On the other hand, this mechanism does appeal, and could go way beyond FOAF group definitions. We could see a model where people post data in the Web but also post queries, eg. revisiting the old work Libby and I explored around RSS query. On the other other hand, who wants to make their Web queries public? All that said, the same goes for the data being queried. And since this technique embeds queries inside ordinary RDF data, however we deal with the data visibility issue for RDF/FOAF should also work for the query stuff. Perhaps. Can’t blame me for trying…
I realise this isn’t the clearest of explanations. Let’s try again:

RDF is normally for publishing collections of simple claims about the world. This is an experiment in embedding data-generating-queries amongst these claims, where the query is configured to output more RDF claims (aka statements, triples etc), but only when executed against some appropriate body of RDF data. Since the query is written in SPARQL, it allows the data-generation rules to mention interesting things, such as properties of the source of the data being queried.
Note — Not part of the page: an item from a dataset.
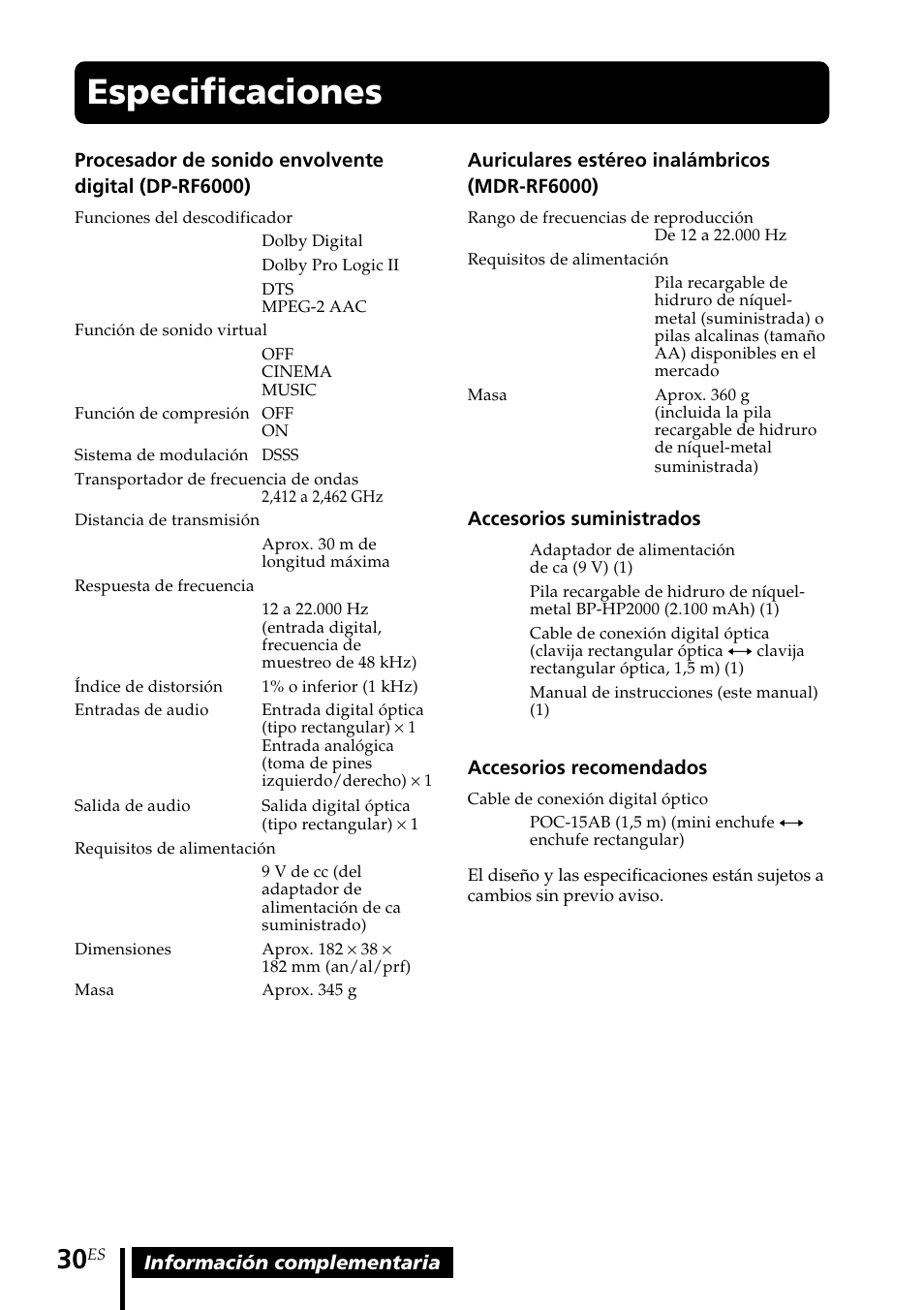 Especificaciones | Sony MDR DS6000 User Manual | Page 90 / 92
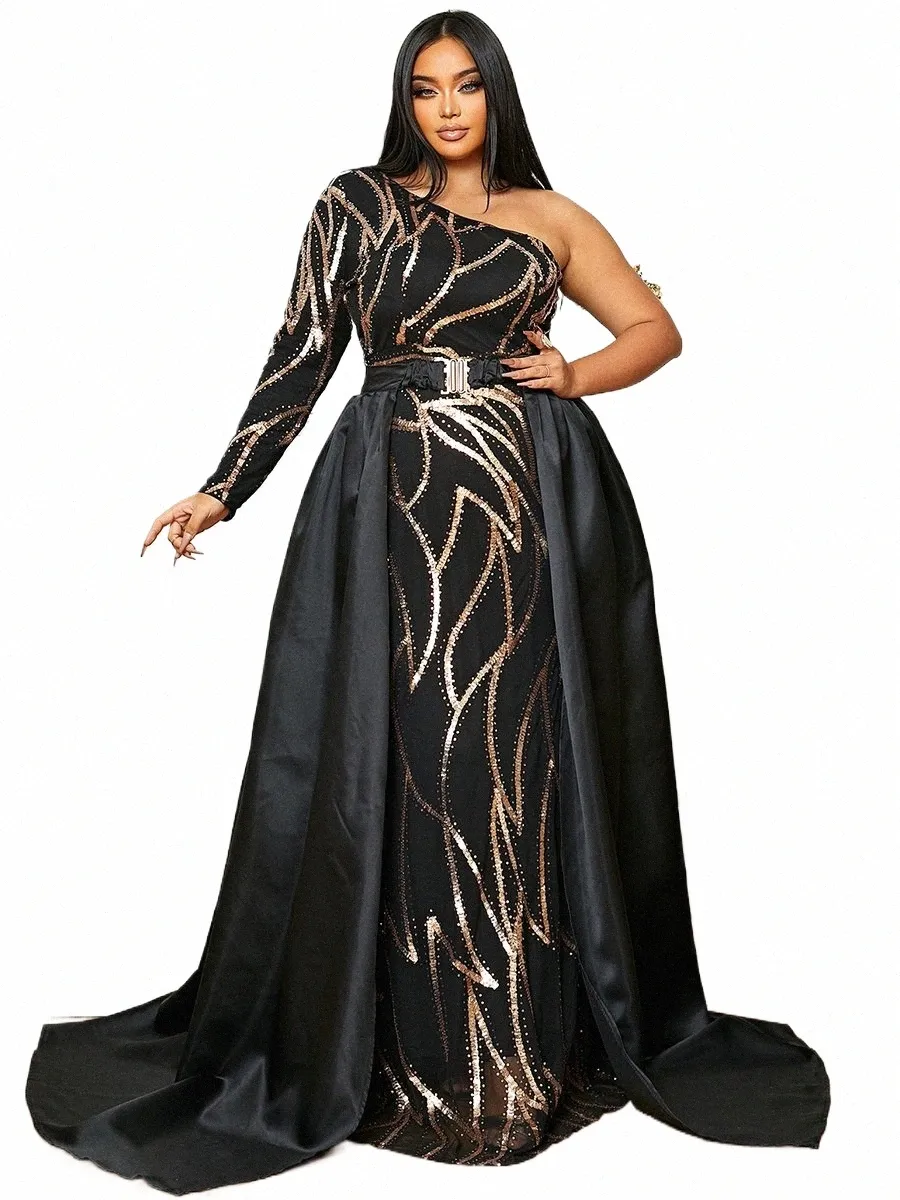 Missord Black Cecin Plus Size Even Elegant Women One ramię LG Sleeve Pas MAXI Party Prom Dr z suknią pociągu B2CP#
This particular experiment is couched in terms of FOAF’s “Group” construct, but the technique is entirely general. The example above defines a group of agents called the “both” group, by saying that an Agent is in that group if it its OpenID URI is listed in each of two RDF documents specified, ie. both a commentator on my blog, and a contributor to the FOAF Wiki. Other examples could be “(fe)male employees” or “family members sharing a blood type” or in fact, any descriptive pattern that can match against the data to hand and be expressed in SPARQL.